The motto of the Harvard Glee Club is "cantantes licet usque eamus." This appears to be an approximate quote from Virgil's Eclogue 9, lines 63-64:

aut si, nox pluviam ne colligat ante, veremur, cantantes licet usque (minus via laedit) eamus;

I want to make sure I understand the syntax of the second line. Now that I know more Latin I am guessing it is unusual in order to fit the meter, but want to make sure I am not making unwarranted assumpion.

The explanation of the quote I recall is something like: "It is fitting that we go forth singing, for it makes the road less weary." Now that I understand more Latin, the phrase seems to mean something slightly different. I understand the two lines to mean: "Or if we fear lest the rain hinder us beforehand, it is fitting that we go singing as far as we may go. It makes the road less wearying." Is this correct?

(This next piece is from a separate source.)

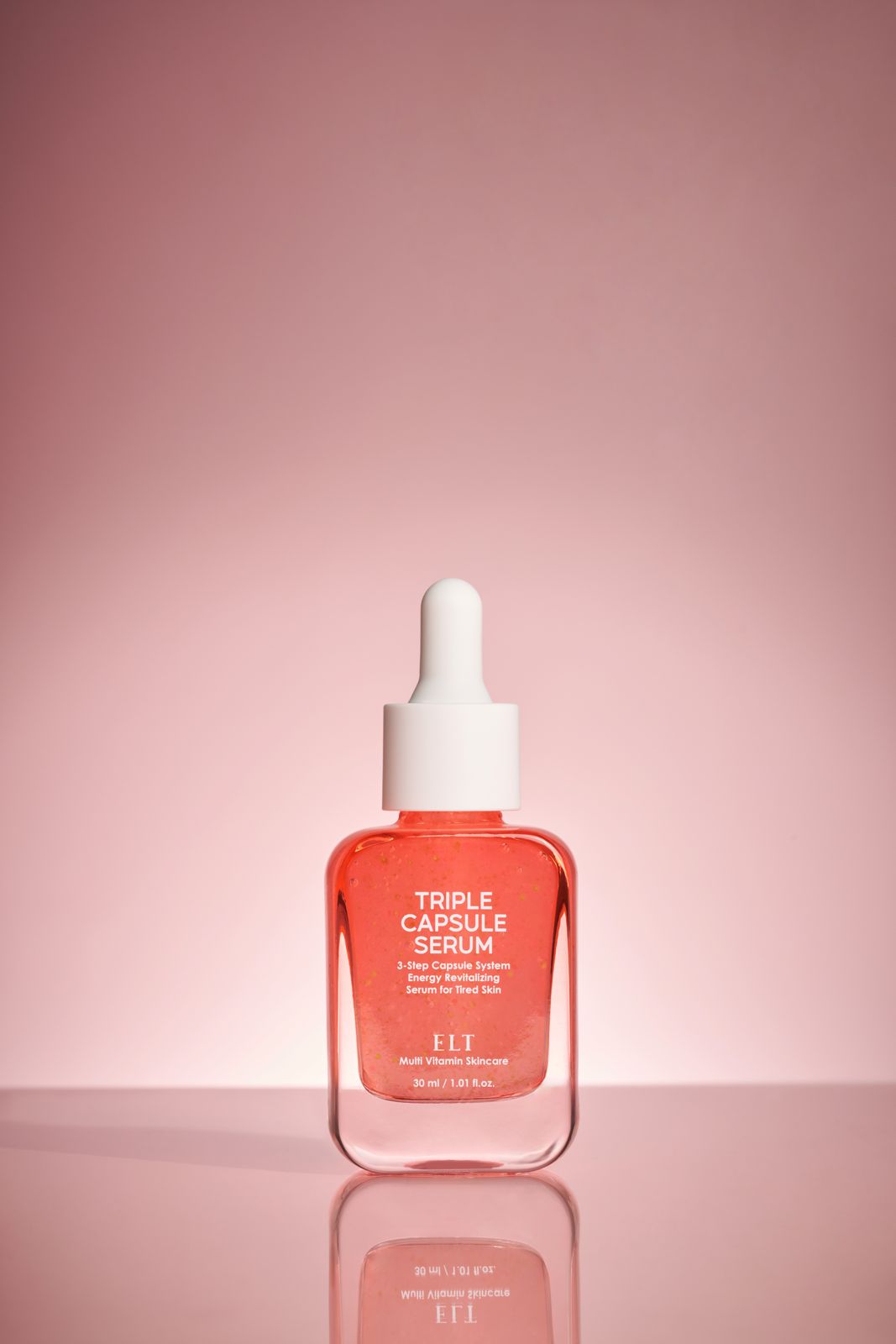 ELT COSMETIC · 캡슐세럼 — 핑크 그라데이션 배경, 반사 바닥 위 제품 단독컷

Could someone explain the syntax of the second line? What, if anything, does "licet" govern? Is "minus via laedit" an independent sentence from everything else? I see that the editors used the striking device of putting this phrase in parentheses, presumably because it is odd to separate "usque" from the verb it governs. Is this assumption correct?

Is the sentence intended to mean the same as: "Licet ut cantemus usque eamus. Minus via laedit?

I don't need answers to each specific question, but just wanted to explain fully what I find doubtful about the syntax.

1 Answer 1


Licet often occurs with a bare subjunctive without ut: see examples in section 1δ of the L&S entry. In this case, that subjunctive is eamus, so the line is equivalent to

licet ut cantantes usque eamus "We may go singing all the way" (lit. "It is allowed/possible/etc. that we go...")

As for minus via laedit, yes, it seems to be a syntactically independent sentence inserted parenthetically into the line. This is certainly unusual, but it isn't unparalleled -- there are other instances of this device in Latin verse, and specifically in Vergil (at least I seem to recall coming across it in the Aeneid).

  • Thanks for the response. Would I be correct to assume, then, that "usque" does not need some sort of complement of place or time? That is what it seems to say in Lewis & Short under definition II.B,2 (perseus.tufts.edu/hopper/morph?l=usque&la=la#lexicon), where it even has my sentence as a reference. I don't readily understand the examples, however. Commented Nov 21, 2021 at 19:33
  • @Vegawatcher That's right -- it usually does take such a complement, but there are occasional cases where it doesn't.